* **Supplied data**
####################

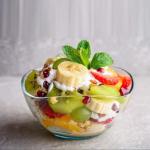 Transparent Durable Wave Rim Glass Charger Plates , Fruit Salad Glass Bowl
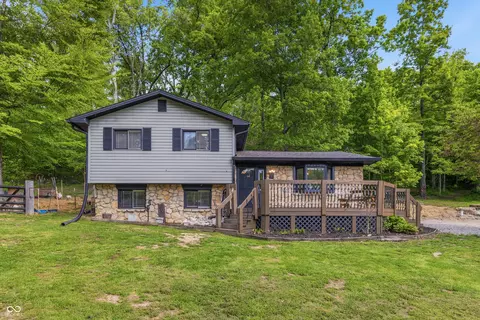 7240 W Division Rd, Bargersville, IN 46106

####################

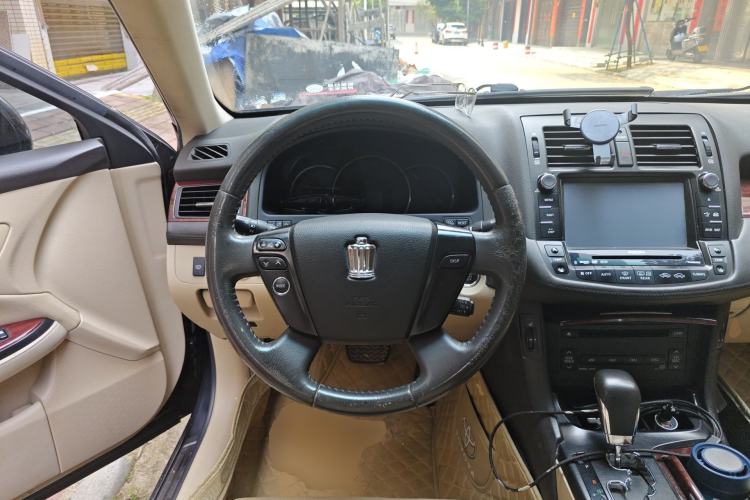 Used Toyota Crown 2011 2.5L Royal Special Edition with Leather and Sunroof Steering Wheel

####################

Restate word for word every line from the one with "Transparent Durable Wave" up to and including the one with "7240 W Division Rd, Bargersville, IN 46106" in the records above, minus the pictures.

* **Response**
 Transparent Durable Wave Rim Glass Charger Plates , Fruit Salad Glass Bowl
 7240 W Division Rd, Bargersville, IN 46106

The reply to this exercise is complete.